Your copy should hold exactly the lines from the beginning of the listing below through the line with "Talbots sleeveless floral", without any pictures.

+ + +

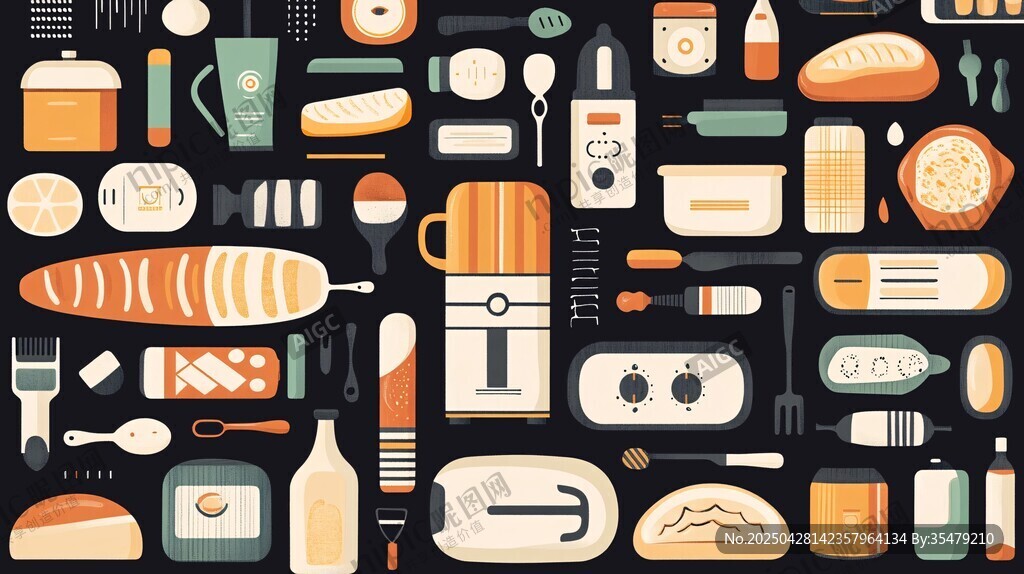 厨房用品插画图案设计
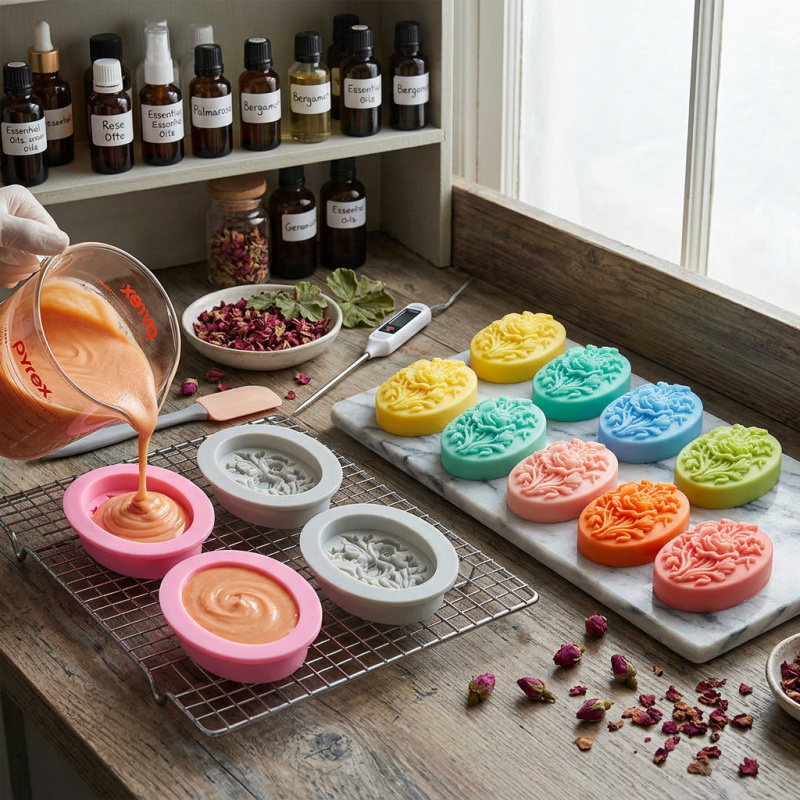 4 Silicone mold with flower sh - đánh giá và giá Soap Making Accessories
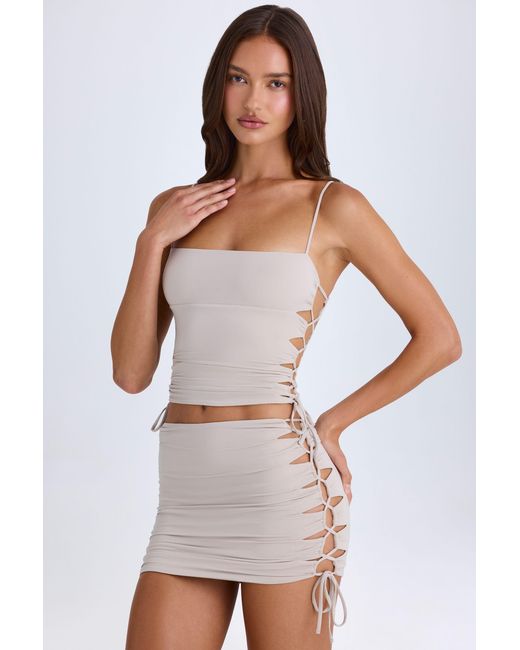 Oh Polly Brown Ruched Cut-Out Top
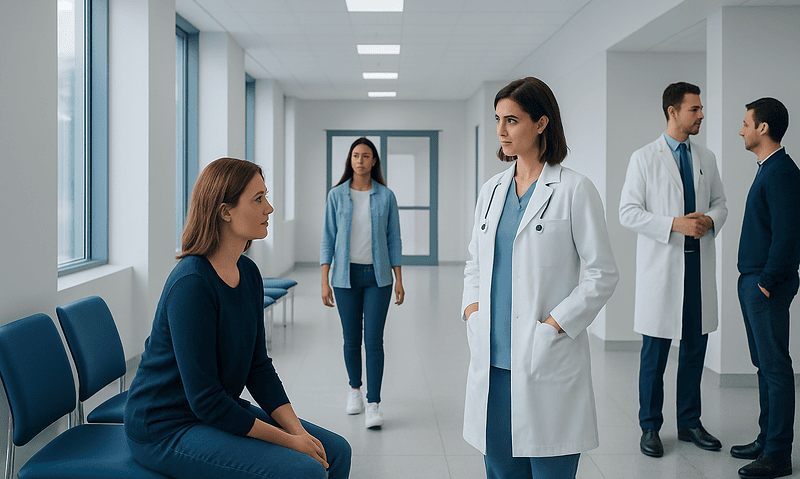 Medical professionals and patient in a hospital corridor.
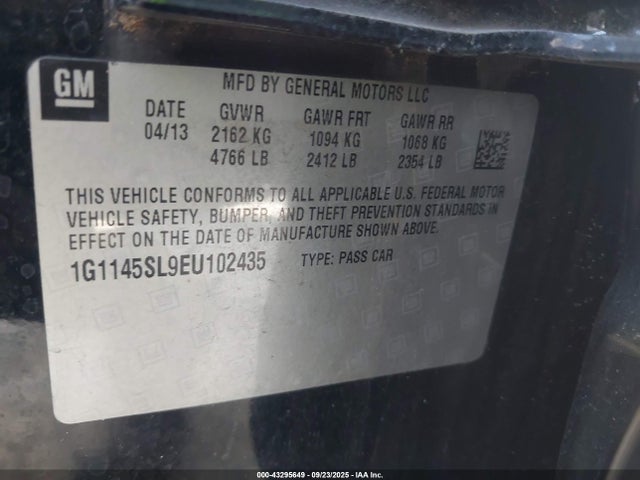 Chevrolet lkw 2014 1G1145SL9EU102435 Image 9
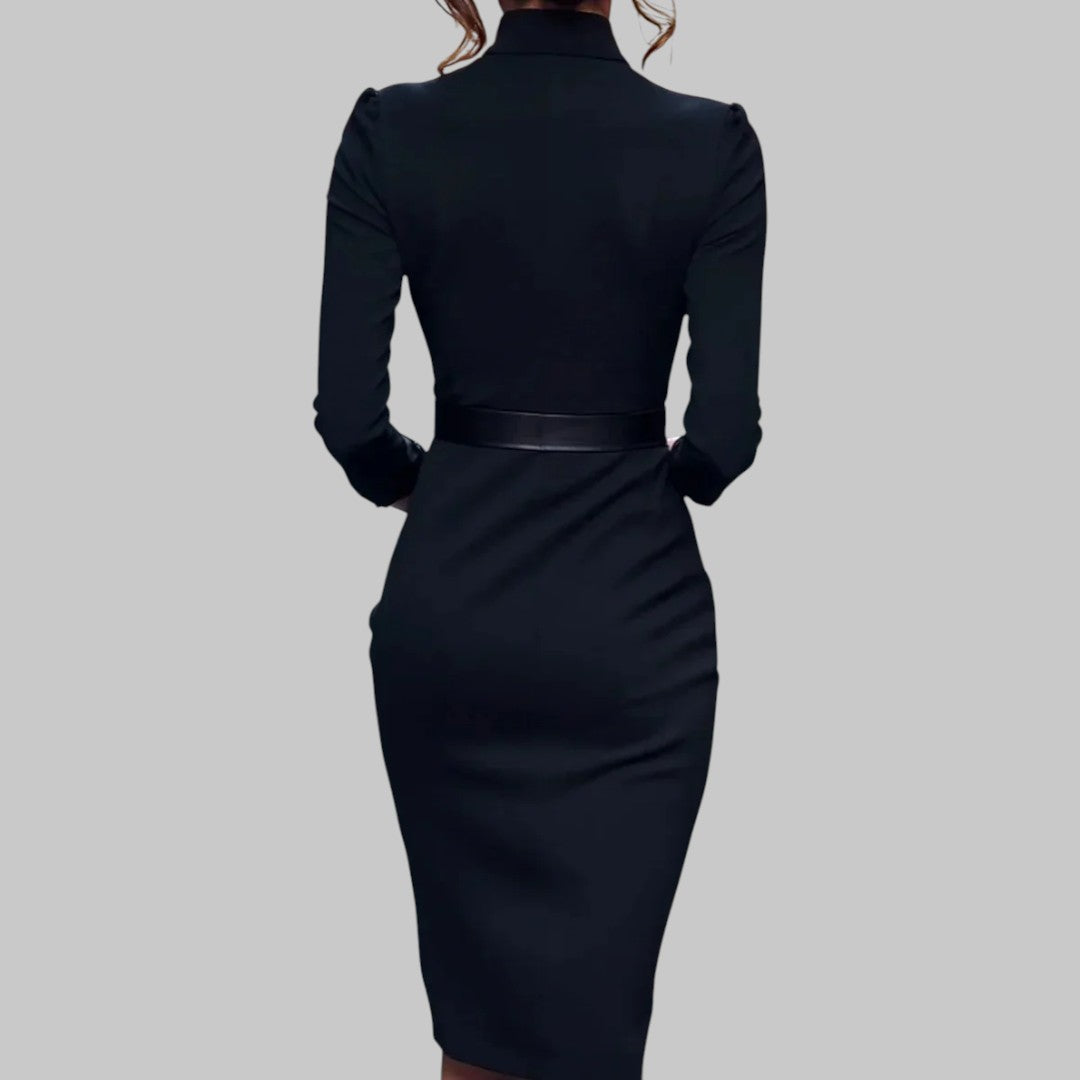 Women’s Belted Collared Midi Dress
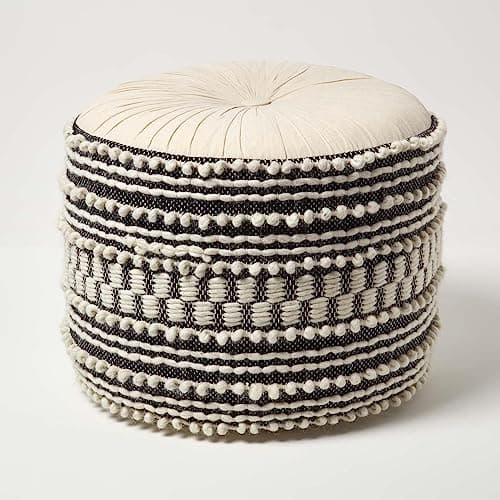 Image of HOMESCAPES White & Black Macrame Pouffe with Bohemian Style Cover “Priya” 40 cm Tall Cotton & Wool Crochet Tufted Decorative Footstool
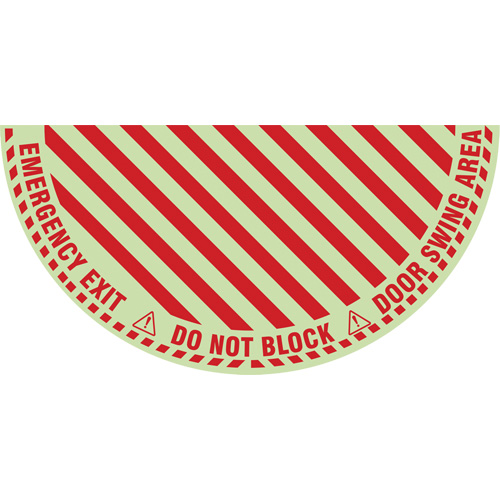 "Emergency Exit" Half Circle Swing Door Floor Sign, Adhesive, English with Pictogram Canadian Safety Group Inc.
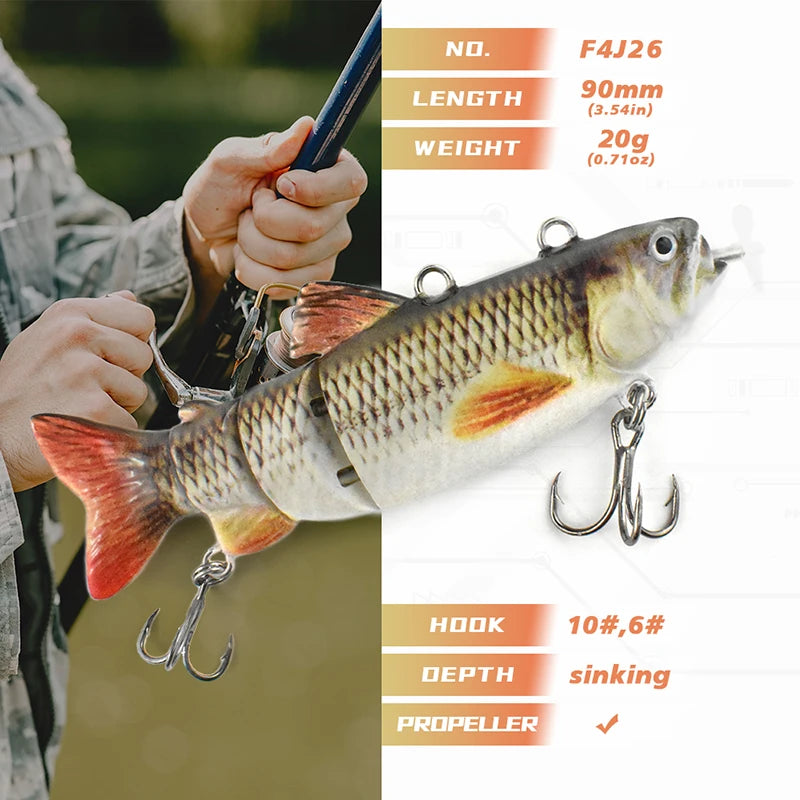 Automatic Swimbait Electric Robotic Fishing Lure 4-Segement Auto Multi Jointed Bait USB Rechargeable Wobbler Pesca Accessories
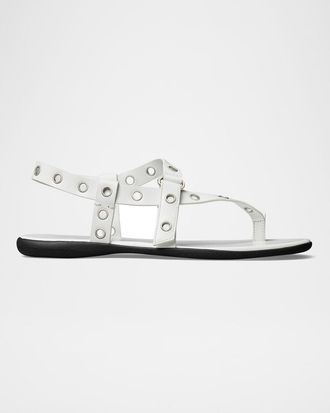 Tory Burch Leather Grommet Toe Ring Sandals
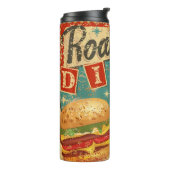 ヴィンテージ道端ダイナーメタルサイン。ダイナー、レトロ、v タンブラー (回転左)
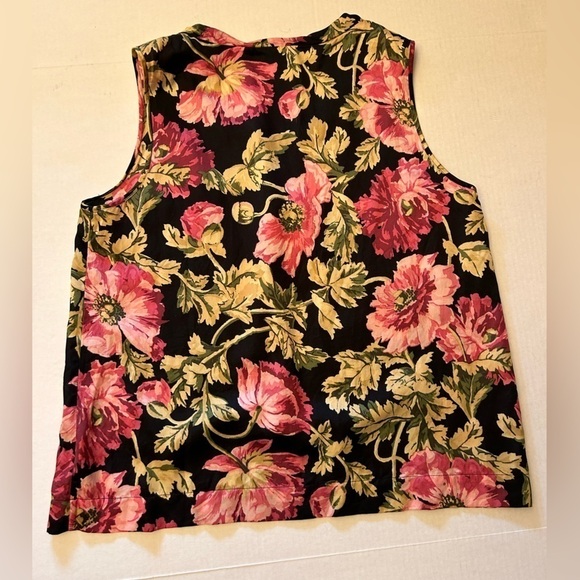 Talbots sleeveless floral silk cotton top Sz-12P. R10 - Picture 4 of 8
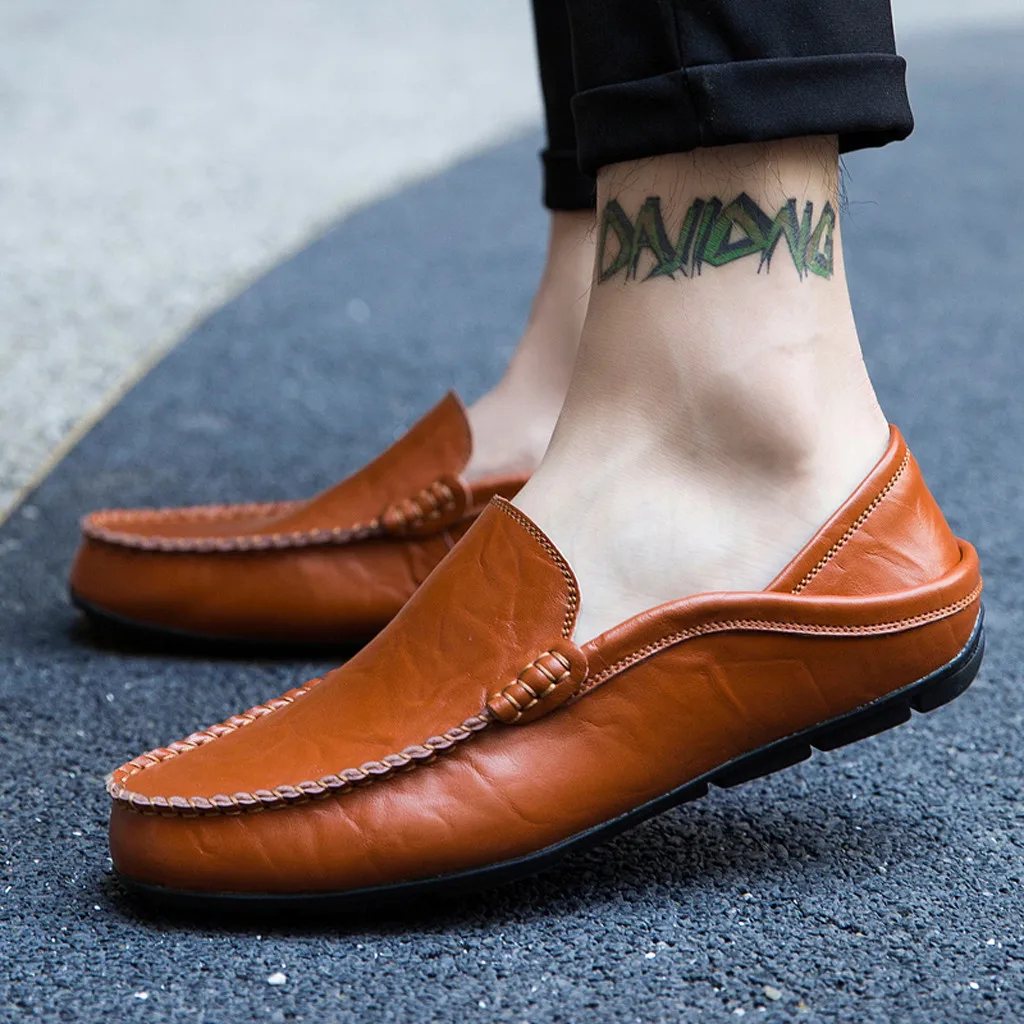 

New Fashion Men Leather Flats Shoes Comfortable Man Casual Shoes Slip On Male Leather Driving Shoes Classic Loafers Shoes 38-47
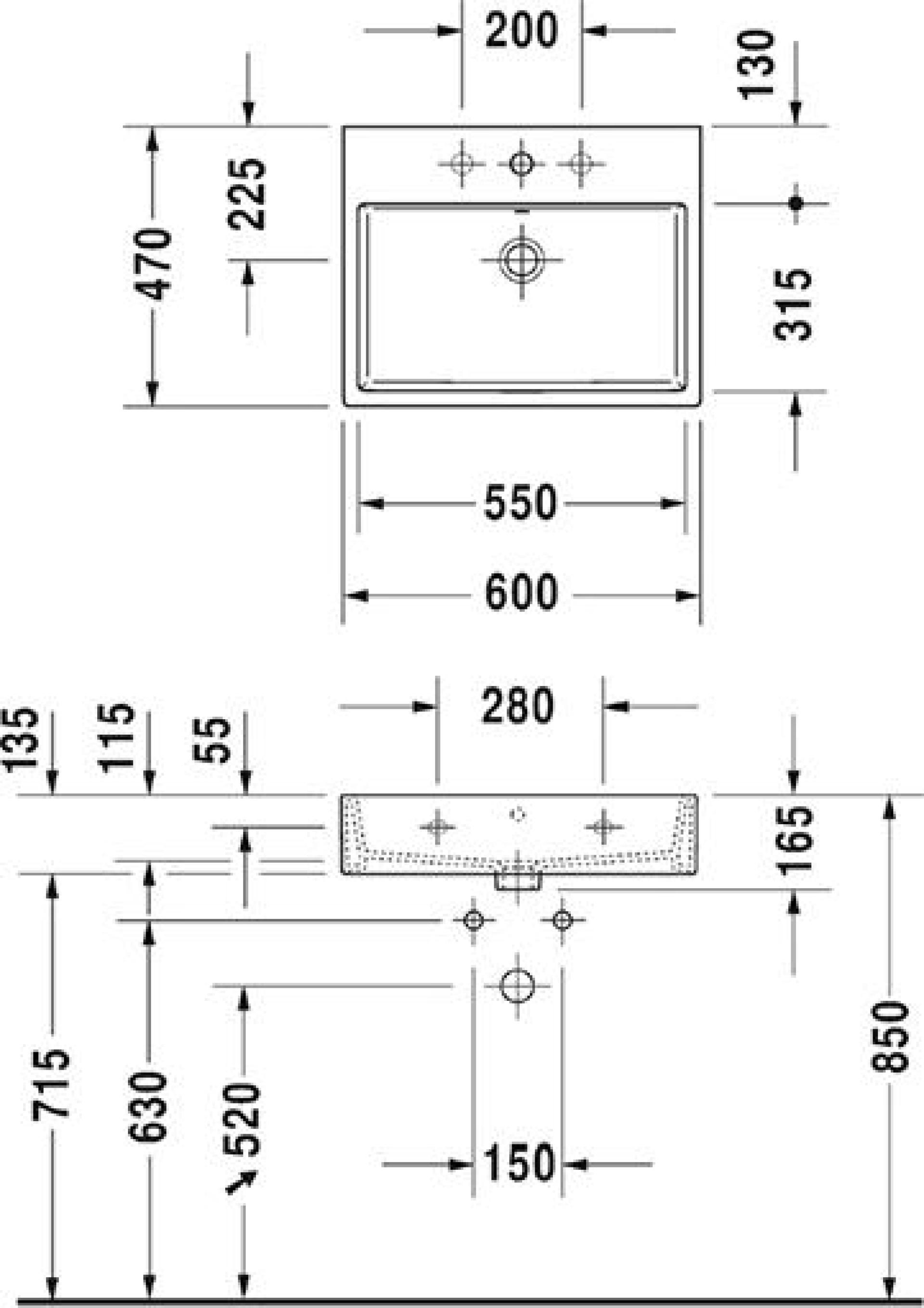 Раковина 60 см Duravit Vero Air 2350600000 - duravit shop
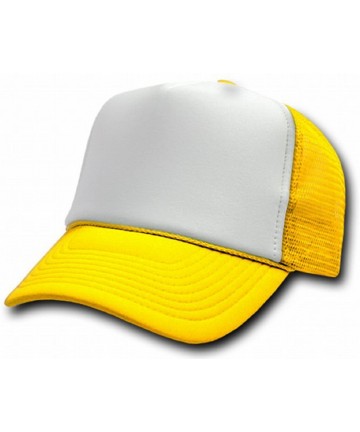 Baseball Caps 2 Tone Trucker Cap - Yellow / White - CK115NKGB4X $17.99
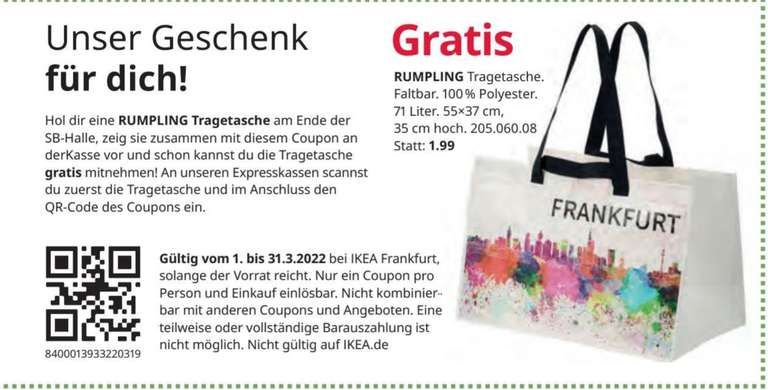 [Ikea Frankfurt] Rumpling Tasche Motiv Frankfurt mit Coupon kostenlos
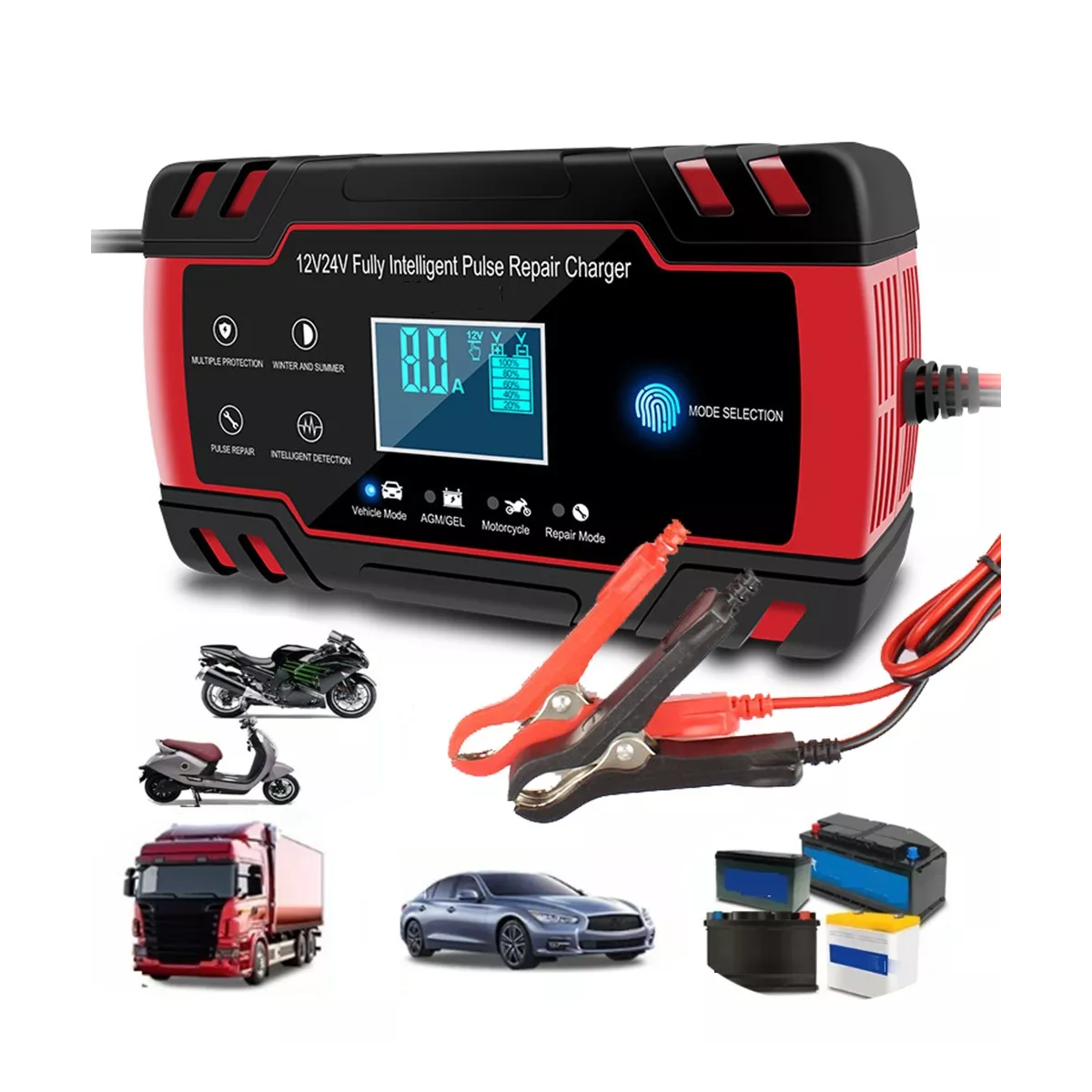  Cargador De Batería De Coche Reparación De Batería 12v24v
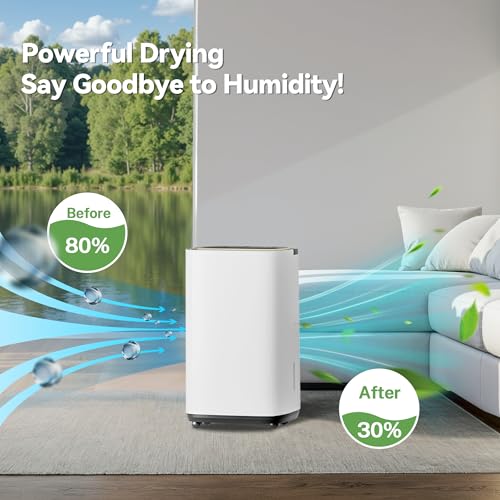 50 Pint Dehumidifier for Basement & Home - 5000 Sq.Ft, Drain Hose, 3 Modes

+ + +

(SOLUTION):
 厨房用品插画图案设计
 4 Silicone mold with flower sh - đánh giá và giá Soap Making Accessories
 Oh Polly Brown Ruched Cut-Out Top
 Medical professionals and patient in a hospital corridor.
 Chevrolet lkw 2014 1G1145SL9EU102435 Image 9
 Women’s Belted Collared Midi Dress
 Image of HOMESCAPES White & Black Macrame Pouffe with Bohemian Style Cover “Priya” 40 cm Tall Cotton & Wool Crochet Tufted Decorative Footstool
 "Emergency Exit" Half Circle Swing Door Floor Sign, Adhesive, English with Pictogram Canadian Safety Group Inc.
 Automatic Swimbait Electric Robotic Fishing Lure 4-Segement Auto Multi Jointed Bait USB Rechargeable Wobbler Pesca Accessories
 Tory Burch Leather Grommet Toe Ring Sandals
 ヴィンテージ道端ダイナーメタルサイン。ダイナー、レトロ、v タンブラー (回転左)
 Talbots sleeveless floral silk cotton top Sz-12P. R10 - Picture 4 of 8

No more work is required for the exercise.